The equation \(f(x)\) = \(g(x)\) results whenever the formulas for two functions (f) and (g) are set equal to each other. A solution to this equation corresponds to the x-coordinate of a point where the graph of (f) and (g) intersect.

**Example 5**

Solve: \( 2x - 1 = \frac{1x}{2} + 2 \)

\( 2x = \frac{1}{2} x + 3 \)

\( \frac{3}{2}x = 3 \)

\( x = 2 \)

Linear equations and functions can be solved symbolically, graphically, and numerically. Symbolic solutions are always exact. Graphical and numerical solutions are approximated to some degree. The intermediate value property states that if two points are connected, then (f) assumes every value between the (y) points at least once.

**Example 6**

A survey found that 76% of bicycle riders do not wear helmets. Find a symbolic representation for a function that computes the number of people who do not wear helmets. Also, there are around 38.7 million riders who do not wear helmets. Write a linear equation that gives the total number of riders.

A linear function that computes 76% of (f) is: \( f(x) = .76x \).

We must find the x-value for which \( f(x) = 38.7 \).

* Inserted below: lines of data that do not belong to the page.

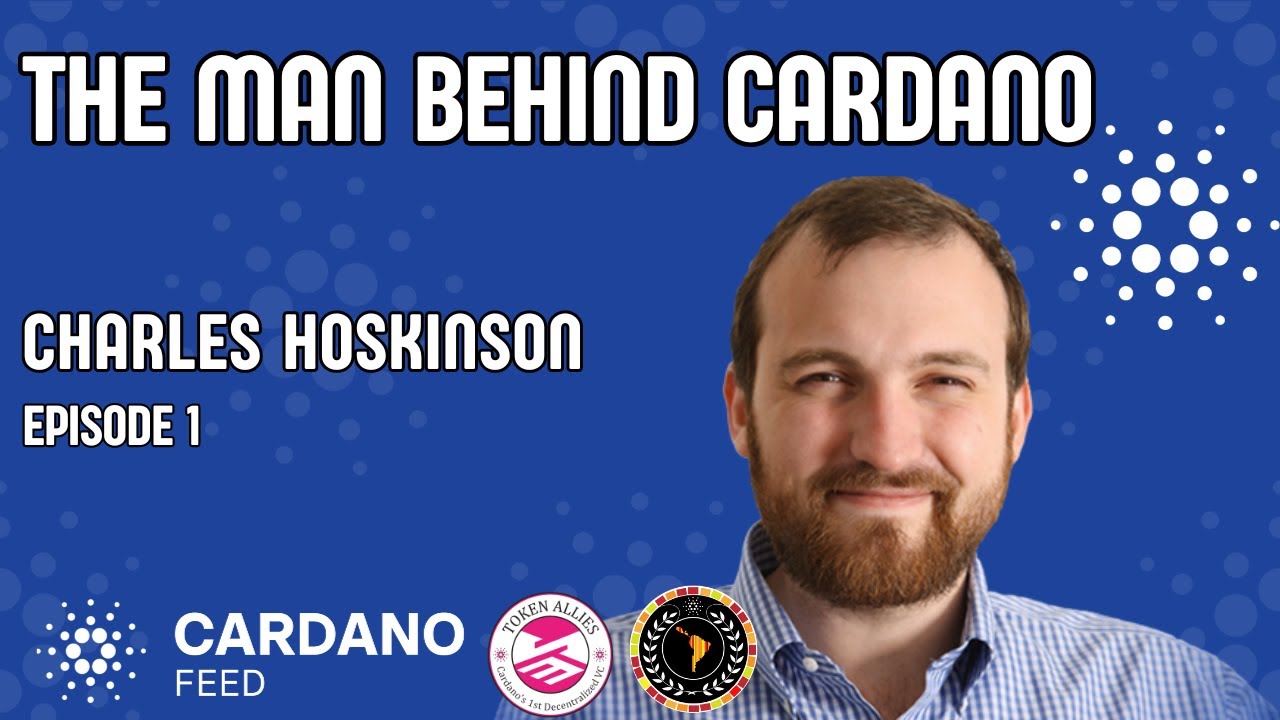 Charles, The Man Behind Cardano - Episode 1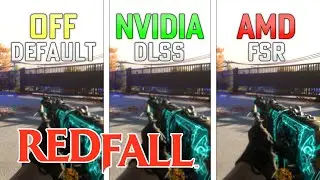 Redfall | DLSS vs FSR vs OFF - It Doesn't Work!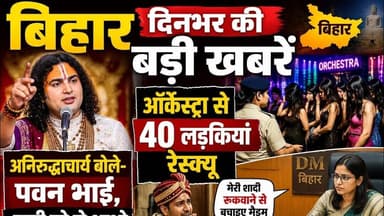 बिहार दिनभर की बड़ी खबरें: अनिरुद्धाचार्य का पवन सिंह को संदेश, ऑर्केस्ट्रा से 40 लड़कियां रेस्क्यू.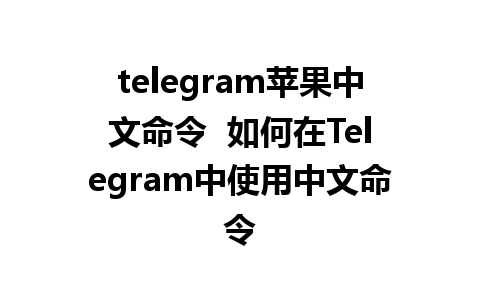 telegram苹果中文命令  如何在Telegram中使用中文命令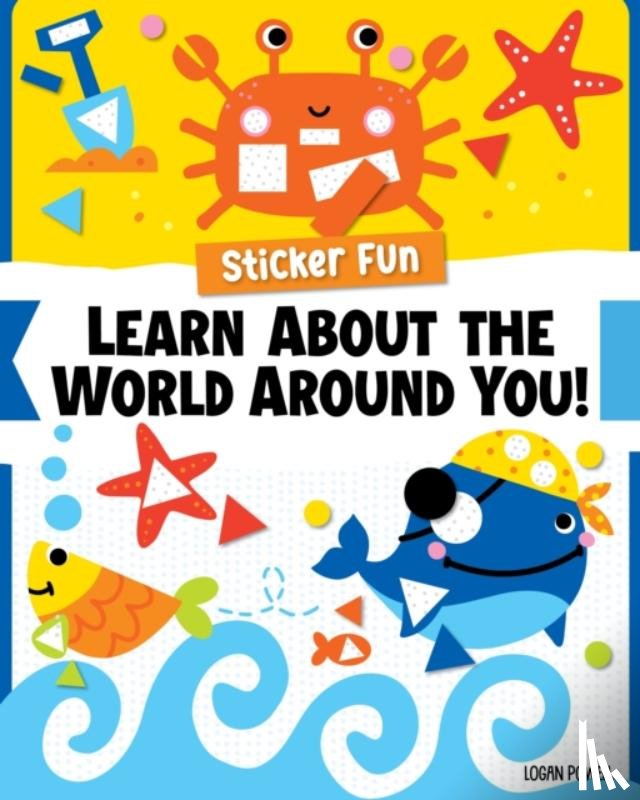 Powell, Logan - Sticker Fun: Learn About the World Around You!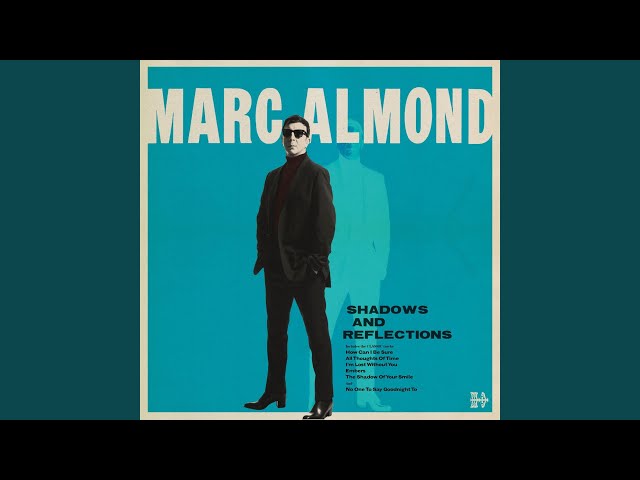 Marc Almond - The shadow of your smile
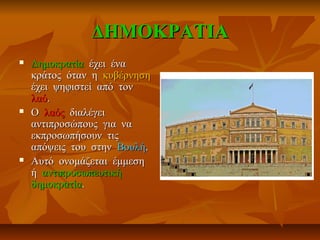 ΔΗΜΟΚΡΑΤΙΑΔΗΜΟΚΡΑΤΙΑ
 ΔημοκατίαΔημοκατία έχει έναέχει ένα
κράτος όταν ηκράτος όταν η κυβέρνησηκυβέρνηση
έχει ψηφιστεί από τονέχει ψηφιστεί από τον
λαόλαό..
 ΟΟ λαόςλαός διαλέγειδιαλέγει
αντιπροσώπους για νααντιπροσώπους για να
εκπροσωπήσουν τιςεκπροσωπήσουν τις
απόψεις του στηναπόψεις του στην ΒουλήΒουλή..
 Αυτό ονομάζεται έμμεσηΑυτό ονομάζεται έμμεση
ήή αντιπροσωπευτικήαντιπροσωπευτική
δημοκρατίαδημοκρατία..
 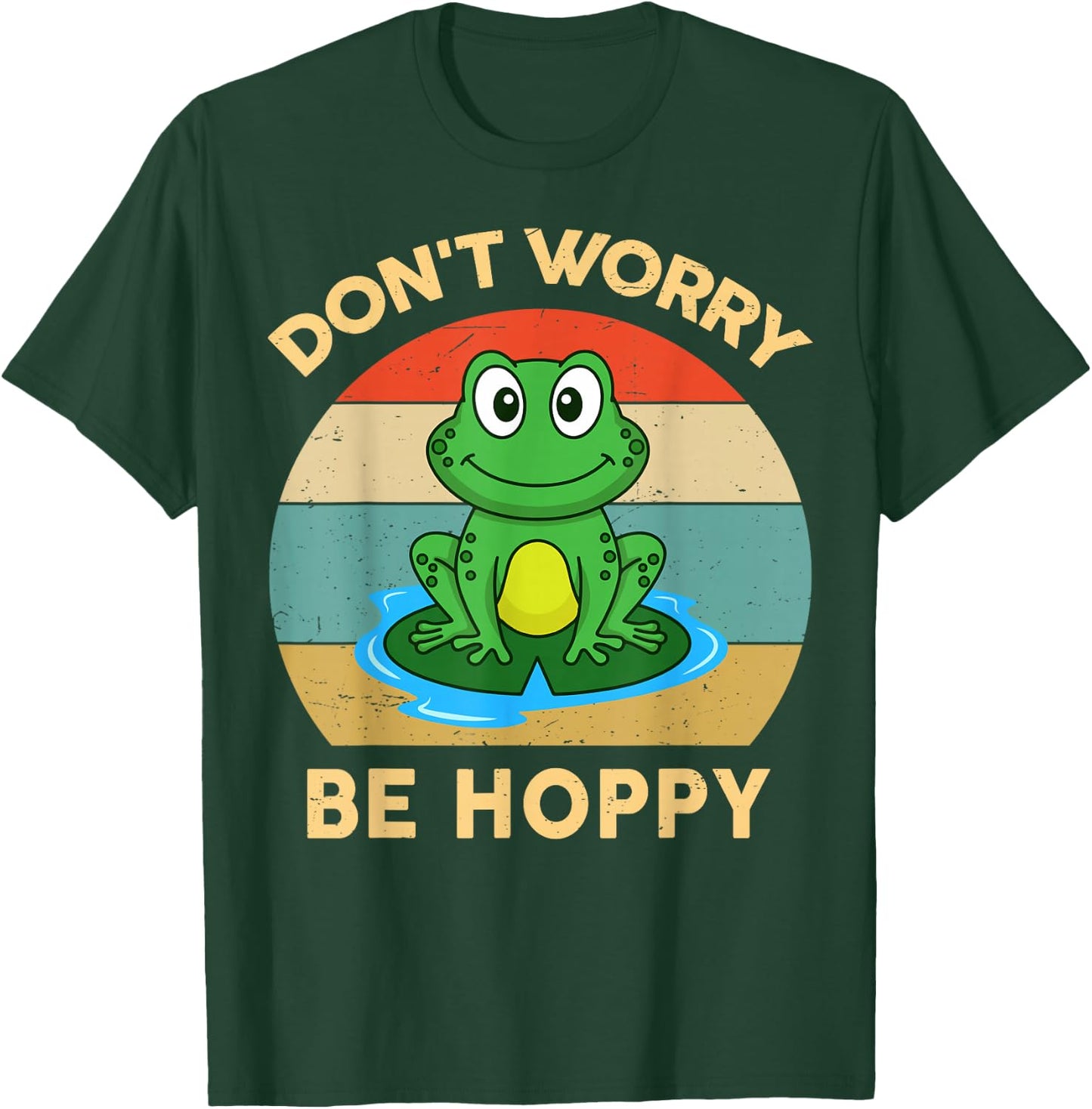 Don't Worry Be Hoppy Herpetology Kids Men Women Cute Frog T-Shirt - T-Shirt | Forest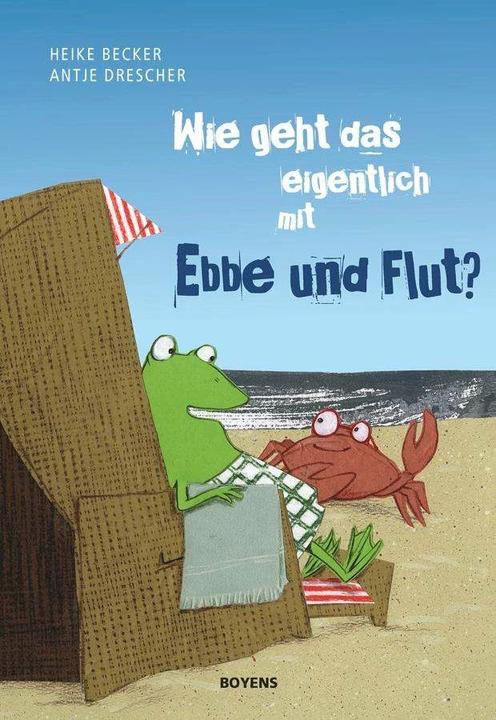Image du produit Wie geht das eigentlich mit Ebbe und Flut? (Allemand, Heike Becker, 2013)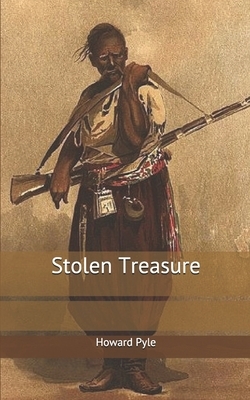 Stolen Treasure by Howard Pyle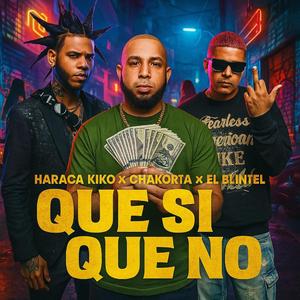 Que si, Que no (feat. El Blintel & Haraca Kiko)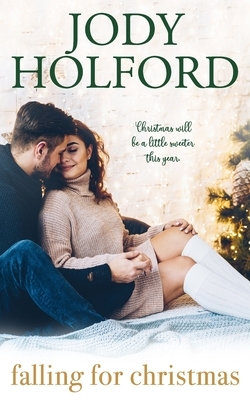 Falling For Christmas by Jody Holford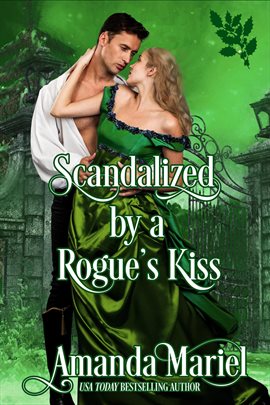 Cover image for Scandalized by a Rogue's Kiss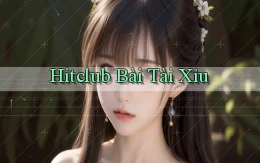 hitclub bài tài xỉu
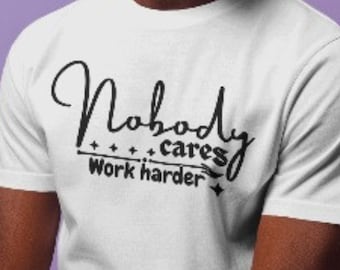 Nobody cares work harder svg, motivation, fitness workout, sarcastic svg, work hard svg, Funny Office Gym, Saying Quote Svg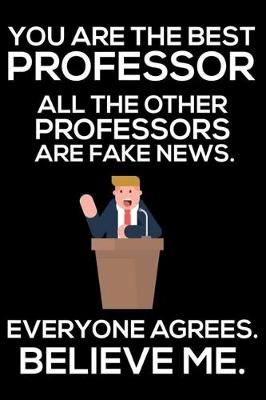 Book cover for You Are The Best Professor All The Other Professors Are Fake News. Everyone Agrees. Believe Me.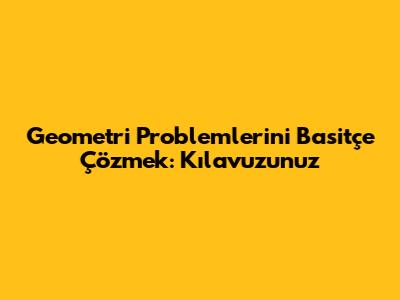 Geometri Problemlerini Basitçe Çözmek: Kılavuzunuz
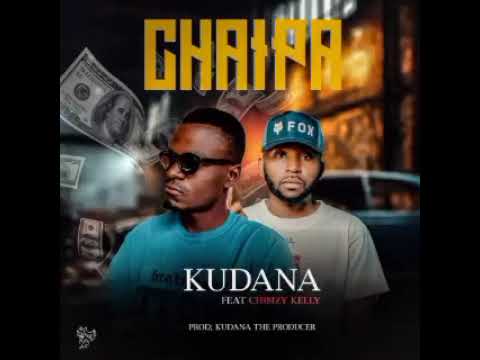 Kudana ft Chimzy Kelly-Chaipa(Prod By Kudana)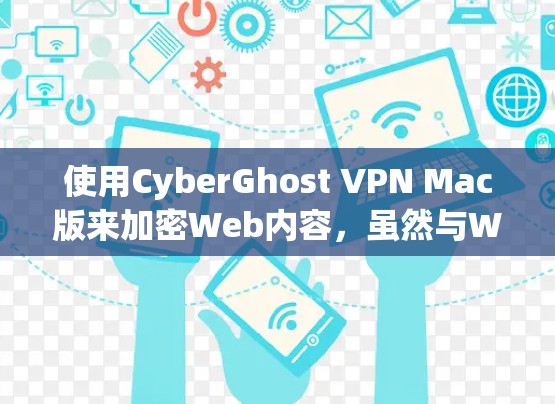 使用CyberGhost VPN Mac版来加密Web内容,虽然与Windows版有所不同,但可以通过以下步骤操作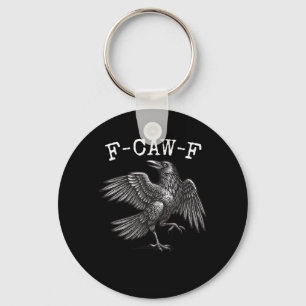 Llavero F-Caw-F Cuervo Juego de Palabras Pájaro Divertido 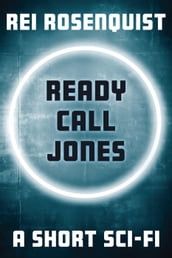 Ready Call Jones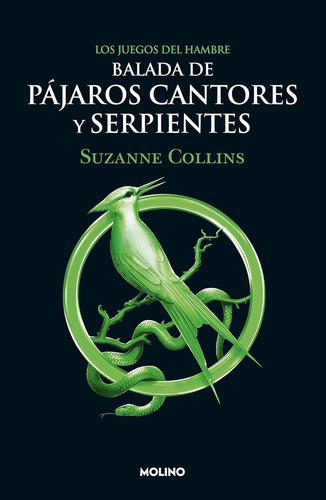 Libro: Balada De Pájaros Cantores Y Serpientes, En Español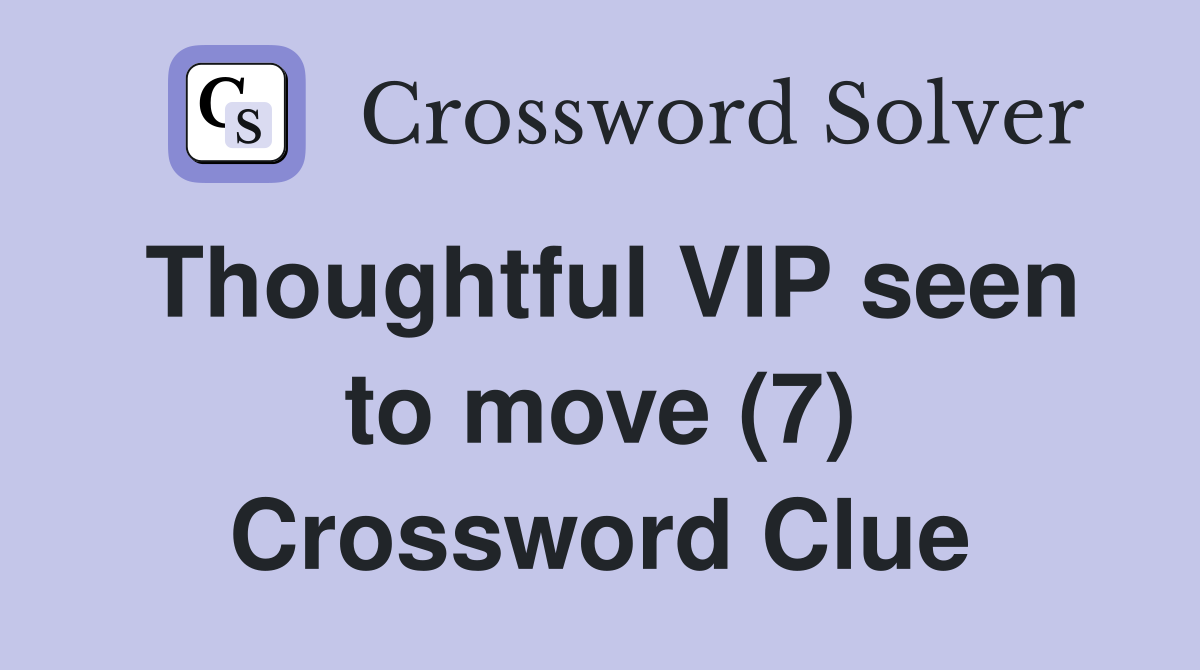 Thoughtful VIP seen to move (7) Crossword Clue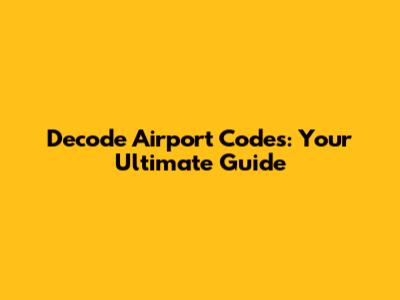 Decode Airport Codes: Your Ultimate Guide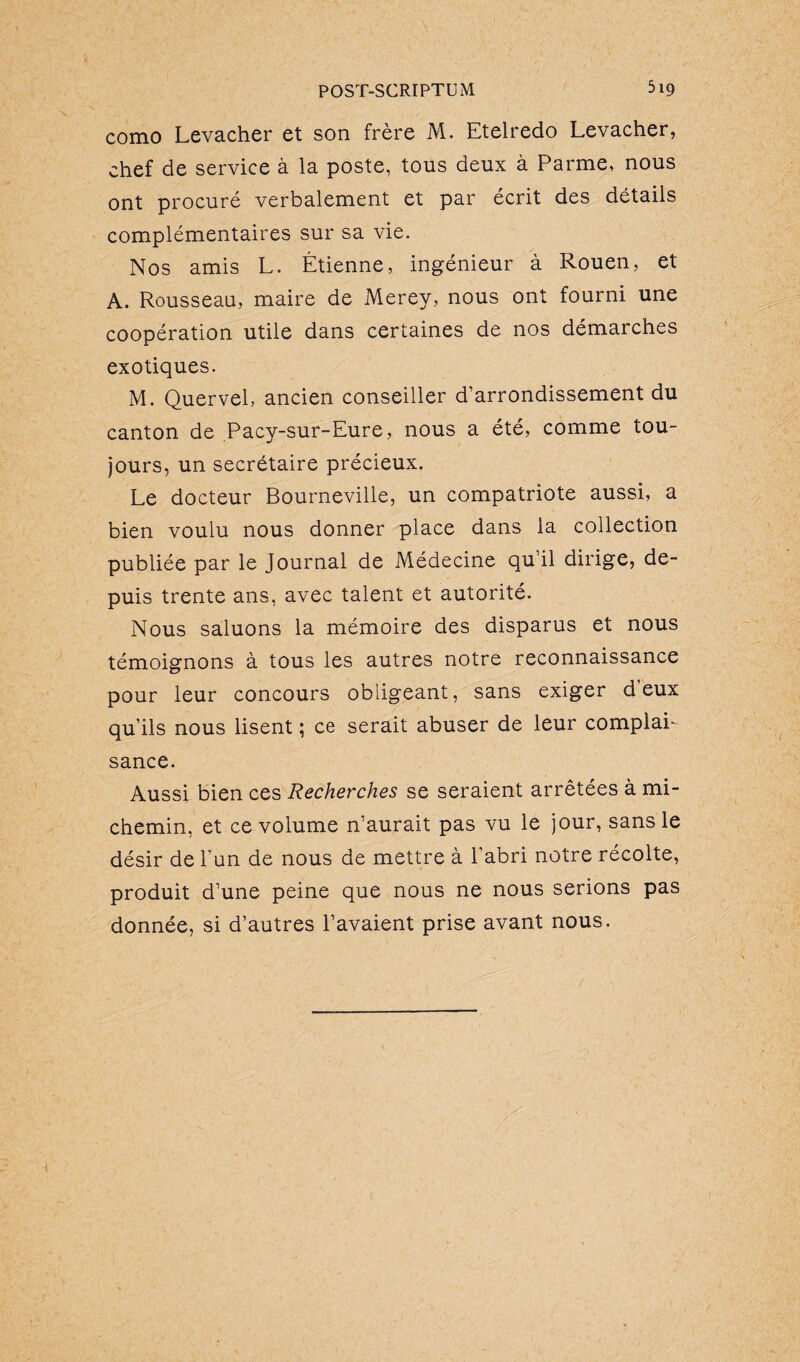 como Levacher et son frère M. Etelredo Levacher, chef de service à la poste, tous deux à Parme, nous ont procuré verbalement et par écrit des détails complémentaires sur sa vie. Nos amis L. Étienne, ingénieur à Rouen, et A. Rousseau, maire de Merey, nous ont fourni une coopération utile dans certaines de nos démarches exotiques. M. Quervel, ancien conseiller d’arrondissement du canton de Pacy-sur-Eure, nous a été, comme tou¬ jours, un secrétaire précieux. Le docteur Bourneville, un compatriote aussi, a bien voulu nous donner place dans la collection publiée par le Journal de Médecine qu’il dirige, de¬ puis trente ans, avec talent et autorité. Nous saluons la mémoire des disparus et nous témoignons à tous les autres notre reconnaissance pour leur concours obligeant, sans exiger d’eux qu’ils nous lisent ; ce serait abuser de leur complai¬ sance. Aussi bien ces Recherches se seraient arrêtées à mi- chemin, et ce volume n’aurait pas vu le jour, sans le désir de l'un de nous de mettre à l'abri notre récolte, produit d’une peine que nous ne nous serions pas donnée, si d’autres l’avaient prise avant nous.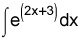 the integral of e raised to the power of 2 times x plus 3, dx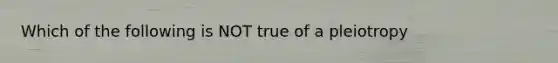 Which of the following is NOT true of a pleiotropy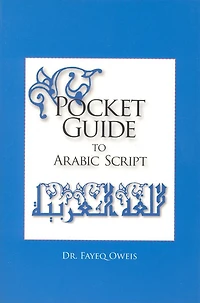 Pocket Guide To Arabic Script
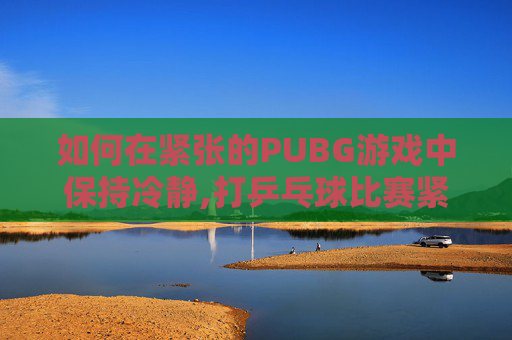 如何在紧张的PUBG游戏中保持冷静,打乒乓球比赛紧张怎么办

The equation is \( .76x = 38.7 \) which evaluates to \( x = \frac{38.7}{.76} \) and is equal to 50.9 million riders.

**Solving Problems**

Read the problem and make sure you understand it. Assign a variable to what you are being asked to find. Write an equation that relates the quantities described in the problem. Solve the equation and determine the solution. Check your solution and make sure it seems plausible.

**Example 7**

A large pump can empty a tank of gasoline in 5 hours and a smaller pump can empty the same tank in 9 hours. If both pumps are used to empty the tank, how long will it take?

We are looking for time, so let time equal (T). In one hour the large pump will empty \(\frac{1}{5}\) of the tank and the smaller pump will empty \(\frac{1}{9}\) of the tank. The fraction of the tank they will empty together in 1 hour is \( \frac{1}{5} + \frac{1}{9} \). So, in (T) hours, the fraction of the tank that the two pumps can empty is \(\frac{T}{5} + \frac{T}{9} \). Since the tank is empty when this function reaches 1, we can use \(\frac{T}{5} + \frac{T}{9} = 1 \).

\( \frac{T}{5} + \frac{T}{9} = 1 \)

\( \frac{45T}{5} + \frac{45T}{9} = 45 \)

\( 9T + 5T = 45 \)

\( 14T = 45 \)

\( T = \frac{45}{14} \)

\( T = 3.21 hours \)

**Example 8**

In one hour an athlete travels 10.1 miles by running 8 mph and then at 11 mph. How long did the athlete run at each speed?

We are asked to find the time spent running at each rate. If we let (x) represent the time spent running at 8 mph, then 1-x represents the time running at 11 mph because the total running time was 1 hour.

Distance (d) equals rate times time (T) or \( d=rt\). In this example, we have two rates and two times. The total distance must sum to 10.1 miles.

\( d = 10.1 = 8x + 11(1-x) \)

\( 10.1 = 8x + 11 -11x \)

\( 10.1 = 11-3x \)

\( 3x = .9 \)

\( x = .3 \)

So the athlete runs .3 of an hour at 8 mph and .7 of an hour at 11 mph.

**Example 9**

A person 6 feet tall stands 17 feet from the base of a streetlight. If the person’s shadow is 8 feet, estimate the height of the streetlight.

We are being asked to find the height of a streetlight, this will be (x).

You can use similar proportions here to solve this quickly.

\( \frac{x}{6} = \frac{25}{8} \)

\( x = \frac{(6)(25)}{8} \)

\(x = 18.75 ft. \)

The streetlight is 18.75 feet tall.

**Example 10**

Pure water is being added to a 30% solution of 153 ml of hydrochloric acid. How much water should be added to reduce it to a 13% mixture?

We are asked to find the amount of water that should be added to 153ml of 30% acid to make it a 13% solution. Let this amount of water equal x. Then x + 153 equals the final volume of the 13% solution.

Since only water is added, the total amount of acid in the solution after adding the water must equal the amount of acid before the water is added. The volume of pure acid after the water is added equals 13% of x + 153ml, and the volume of pure acid before the water is added equals 30% of 153ml. Our equation becomes:

\( .13(x + 153) = .30(153) \)

\( x + 153 = \frac{.30(153)}{.13} \)

\( x = \frac{.30(153) -153}{.13} \)

\( x = 200.08 ml \)

**Conclusion**

In this chapter I have talked about the fundamental linear equation. It is the easiest to understand and algebra essentials. You can see how many quantities are modeled and then estimated using basic algebra.